## Activity
From the listing below, copy only the lines running from the line that contains "Jadi Mario Bros, 7" to the line that contains "Recursos extras en", both included.

## Records provided
=-=-=

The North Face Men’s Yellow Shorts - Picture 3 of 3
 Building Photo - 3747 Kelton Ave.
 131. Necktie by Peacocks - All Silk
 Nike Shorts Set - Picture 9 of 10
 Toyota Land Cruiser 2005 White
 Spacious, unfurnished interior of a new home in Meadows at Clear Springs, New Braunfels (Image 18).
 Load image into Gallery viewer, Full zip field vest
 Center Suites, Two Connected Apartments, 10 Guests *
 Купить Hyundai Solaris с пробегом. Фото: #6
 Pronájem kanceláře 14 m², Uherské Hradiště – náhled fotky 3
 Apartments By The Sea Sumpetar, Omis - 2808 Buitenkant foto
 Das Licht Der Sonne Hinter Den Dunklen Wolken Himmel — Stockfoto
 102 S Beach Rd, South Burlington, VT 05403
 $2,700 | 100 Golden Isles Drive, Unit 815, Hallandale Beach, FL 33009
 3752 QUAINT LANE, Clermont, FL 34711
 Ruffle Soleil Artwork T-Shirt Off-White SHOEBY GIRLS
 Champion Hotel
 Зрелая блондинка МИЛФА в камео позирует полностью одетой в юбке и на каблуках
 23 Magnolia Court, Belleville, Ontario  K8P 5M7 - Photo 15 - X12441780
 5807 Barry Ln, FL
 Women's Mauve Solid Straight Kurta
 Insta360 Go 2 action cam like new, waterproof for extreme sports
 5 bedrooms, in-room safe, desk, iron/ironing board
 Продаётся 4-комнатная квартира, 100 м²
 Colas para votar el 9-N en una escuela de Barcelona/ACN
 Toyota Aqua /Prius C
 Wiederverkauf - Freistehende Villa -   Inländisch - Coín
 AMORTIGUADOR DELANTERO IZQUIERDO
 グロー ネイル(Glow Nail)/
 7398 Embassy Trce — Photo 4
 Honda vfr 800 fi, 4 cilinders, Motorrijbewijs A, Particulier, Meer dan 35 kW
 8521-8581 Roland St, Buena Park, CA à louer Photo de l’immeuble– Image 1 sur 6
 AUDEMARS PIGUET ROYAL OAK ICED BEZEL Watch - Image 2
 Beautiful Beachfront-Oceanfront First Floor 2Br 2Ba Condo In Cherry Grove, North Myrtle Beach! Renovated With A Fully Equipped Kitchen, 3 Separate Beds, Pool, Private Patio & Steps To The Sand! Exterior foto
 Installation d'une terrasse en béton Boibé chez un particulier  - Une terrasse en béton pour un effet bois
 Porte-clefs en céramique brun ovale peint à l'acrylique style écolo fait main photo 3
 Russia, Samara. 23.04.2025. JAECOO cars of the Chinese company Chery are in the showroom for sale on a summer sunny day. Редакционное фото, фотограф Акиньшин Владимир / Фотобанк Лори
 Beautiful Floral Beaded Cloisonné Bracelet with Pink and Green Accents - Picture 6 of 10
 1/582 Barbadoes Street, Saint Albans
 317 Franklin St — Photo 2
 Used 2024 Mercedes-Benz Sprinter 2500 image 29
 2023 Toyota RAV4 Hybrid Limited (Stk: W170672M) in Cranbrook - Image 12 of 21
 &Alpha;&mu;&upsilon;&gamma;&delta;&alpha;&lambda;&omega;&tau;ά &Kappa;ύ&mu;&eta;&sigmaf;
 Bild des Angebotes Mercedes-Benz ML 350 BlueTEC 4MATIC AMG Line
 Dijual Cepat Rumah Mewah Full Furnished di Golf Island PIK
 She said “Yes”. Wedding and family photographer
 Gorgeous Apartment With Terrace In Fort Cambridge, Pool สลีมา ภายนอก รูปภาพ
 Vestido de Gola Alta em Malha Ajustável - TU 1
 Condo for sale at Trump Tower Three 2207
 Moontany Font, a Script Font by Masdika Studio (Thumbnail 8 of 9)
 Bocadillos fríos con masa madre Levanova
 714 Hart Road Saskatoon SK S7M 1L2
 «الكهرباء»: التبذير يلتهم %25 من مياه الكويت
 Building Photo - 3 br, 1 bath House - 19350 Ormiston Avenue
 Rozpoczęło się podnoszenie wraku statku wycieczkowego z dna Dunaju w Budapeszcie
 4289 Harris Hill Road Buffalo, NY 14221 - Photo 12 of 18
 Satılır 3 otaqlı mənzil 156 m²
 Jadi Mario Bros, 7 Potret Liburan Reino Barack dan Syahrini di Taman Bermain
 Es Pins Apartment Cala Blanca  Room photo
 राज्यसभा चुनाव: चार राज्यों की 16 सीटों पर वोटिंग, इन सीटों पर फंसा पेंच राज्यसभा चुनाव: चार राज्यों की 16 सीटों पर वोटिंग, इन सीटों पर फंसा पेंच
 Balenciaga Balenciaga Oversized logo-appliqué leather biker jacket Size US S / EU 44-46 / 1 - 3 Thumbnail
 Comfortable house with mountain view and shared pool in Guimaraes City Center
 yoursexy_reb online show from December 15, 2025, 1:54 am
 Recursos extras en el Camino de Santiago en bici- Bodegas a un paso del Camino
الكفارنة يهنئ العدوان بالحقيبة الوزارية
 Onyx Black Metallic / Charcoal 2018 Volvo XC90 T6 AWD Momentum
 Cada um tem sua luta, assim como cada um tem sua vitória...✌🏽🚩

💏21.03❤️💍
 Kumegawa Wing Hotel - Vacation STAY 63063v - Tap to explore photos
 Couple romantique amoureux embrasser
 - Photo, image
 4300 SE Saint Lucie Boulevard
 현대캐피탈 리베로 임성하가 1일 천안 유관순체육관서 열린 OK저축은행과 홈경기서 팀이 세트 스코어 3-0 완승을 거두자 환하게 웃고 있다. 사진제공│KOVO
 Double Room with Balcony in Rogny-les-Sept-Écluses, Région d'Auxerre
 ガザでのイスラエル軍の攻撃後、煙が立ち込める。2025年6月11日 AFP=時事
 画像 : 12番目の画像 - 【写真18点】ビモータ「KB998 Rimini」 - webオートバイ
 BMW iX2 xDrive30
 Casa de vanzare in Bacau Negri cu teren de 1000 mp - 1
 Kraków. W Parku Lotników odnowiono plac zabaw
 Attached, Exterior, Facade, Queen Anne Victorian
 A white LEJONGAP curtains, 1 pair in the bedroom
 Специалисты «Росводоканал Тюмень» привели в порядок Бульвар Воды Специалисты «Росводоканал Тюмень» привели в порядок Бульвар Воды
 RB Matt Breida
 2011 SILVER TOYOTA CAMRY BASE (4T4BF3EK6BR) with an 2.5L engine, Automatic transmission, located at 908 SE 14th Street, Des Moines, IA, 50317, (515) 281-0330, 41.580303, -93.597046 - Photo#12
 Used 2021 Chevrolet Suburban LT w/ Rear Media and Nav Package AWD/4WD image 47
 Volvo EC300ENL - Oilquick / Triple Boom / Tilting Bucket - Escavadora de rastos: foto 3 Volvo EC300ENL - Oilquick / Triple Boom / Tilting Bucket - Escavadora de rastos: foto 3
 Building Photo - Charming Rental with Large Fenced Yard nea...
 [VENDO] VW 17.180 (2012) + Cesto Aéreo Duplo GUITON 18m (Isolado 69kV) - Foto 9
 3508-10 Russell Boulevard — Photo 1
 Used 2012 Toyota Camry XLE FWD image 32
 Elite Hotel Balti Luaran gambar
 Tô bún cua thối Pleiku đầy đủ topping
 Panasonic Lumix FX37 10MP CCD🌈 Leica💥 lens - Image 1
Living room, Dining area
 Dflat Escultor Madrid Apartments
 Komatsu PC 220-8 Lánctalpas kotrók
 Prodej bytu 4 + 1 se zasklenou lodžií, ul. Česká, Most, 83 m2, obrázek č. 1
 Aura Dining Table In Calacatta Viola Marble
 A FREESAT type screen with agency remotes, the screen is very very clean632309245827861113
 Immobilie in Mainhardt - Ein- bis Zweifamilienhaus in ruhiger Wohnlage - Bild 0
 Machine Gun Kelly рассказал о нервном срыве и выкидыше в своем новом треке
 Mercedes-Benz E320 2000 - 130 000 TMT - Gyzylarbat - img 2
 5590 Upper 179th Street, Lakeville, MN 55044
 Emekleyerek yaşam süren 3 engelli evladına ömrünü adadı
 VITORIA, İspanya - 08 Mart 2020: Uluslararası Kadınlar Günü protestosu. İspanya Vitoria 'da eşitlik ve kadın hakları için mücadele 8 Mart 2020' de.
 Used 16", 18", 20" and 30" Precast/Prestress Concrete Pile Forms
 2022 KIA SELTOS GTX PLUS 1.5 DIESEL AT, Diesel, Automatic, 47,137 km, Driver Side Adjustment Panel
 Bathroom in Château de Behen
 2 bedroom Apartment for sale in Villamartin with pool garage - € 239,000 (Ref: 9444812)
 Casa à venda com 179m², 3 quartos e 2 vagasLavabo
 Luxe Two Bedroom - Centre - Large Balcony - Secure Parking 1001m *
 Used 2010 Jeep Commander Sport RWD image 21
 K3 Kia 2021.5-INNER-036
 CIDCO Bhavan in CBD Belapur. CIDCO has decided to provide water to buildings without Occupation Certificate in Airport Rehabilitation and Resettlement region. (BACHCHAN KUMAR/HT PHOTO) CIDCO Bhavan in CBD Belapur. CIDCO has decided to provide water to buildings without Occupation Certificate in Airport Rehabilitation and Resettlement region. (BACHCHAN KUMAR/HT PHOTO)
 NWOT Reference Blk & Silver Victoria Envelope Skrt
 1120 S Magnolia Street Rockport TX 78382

=-=-=

## Task response
 Jadi Mario Bros, 7 Potret Liburan Reino Barack dan Syahrini di Taman Bermain
 Es Pins Apartment Cala Blanca  Room photo
 राज्यसभा चुनाव: चार राज्यों की 16 सीटों पर वोटिंग, इन सीटों पर फंसा पेंच राज्यसभा चुनाव: चार राज्यों की 16 सीटों पर वोटिंग, इन सीटों पर फंसा पेंच
 Balenciaga Balenciaga Oversized logo-appliqué leather biker jacket Size US S / EU 44-46 / 1 - 3 Thumbnail
 Comfortable house with mountain view and shared pool in Guimaraes City Center
 yoursexy_reb online show from December 15, 2025, 1:54 am
 Recursos extras en el Camino de Santiago en bici- Bodegas a un paso del Camino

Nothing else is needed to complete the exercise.